Insurance is another way of reducing vulnerability and is increasingly being discussed in the context of small islands and climate change. However, there are several constraints to transferring or sharing risk in small islands. These include the limited size of the risk pool, and the lack of availability of financial instruments and services for risk management. For instance, in 2004, Cyclone Heta devastated the tiny island of Niue in the South-West Pacific, where no insurance is available against weather extremes, leaving the island almost entirely reliant on overseas aid for reconstruction efforts (Hamilton, 2004). Moreover, the relative costs of natural disasters tend to be far higher in developing countries than in advanced economies. Rasmussen (2004) shows that autonomous small islands are especially vulnerable, with natural disasters in the countries of the Eastern Caribbean shown to have had a discernible macroeconomic impact, including large effects on fiscal and external balances, pointing to an important role for precautionary measures.

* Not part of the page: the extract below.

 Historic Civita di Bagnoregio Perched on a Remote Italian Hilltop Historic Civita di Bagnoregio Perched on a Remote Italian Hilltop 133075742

Thus, in many small island countries, the implementation of specific instruments and services for risk-sharing may be required. Perhaps recent initiatives on financial risk transfer mechanisms through traditional insurance structures and new financial instruments, such as catastrophe bonds, weather derivatives, micro-insurance, and a regional pooling arrangement for small island states, might provide them with the flexibility for this form of adaptation (Auffret, 2003; Hamilton, 2004; Swiss Re, 2004). However, as Epstein and Mills (2005) point out, the economic costs of adapting to climate-related risks are spread among a range of stakeholders including governments, insurers, business, non-profit entities and individuals. They also note that sustainable development can contribute to managing and maintaining the insurability of climate change risk, though development projects can be stranded where financing is contingent on insurance, particularly with respect to coastlines and shorelines vulnerable to sea-level rise (Epstein and Mills, 2005).

Climate change adaptation projects can also founder in other ways, either at the implementation stage or when projects that rely wholly on external personnel or financing are completed. For this reason, Westmacott (2002) believes that integrated coastal management in the Pacific should incorporate conflict management that pays particular attention to, for example, the over-extraction or destruction of resources.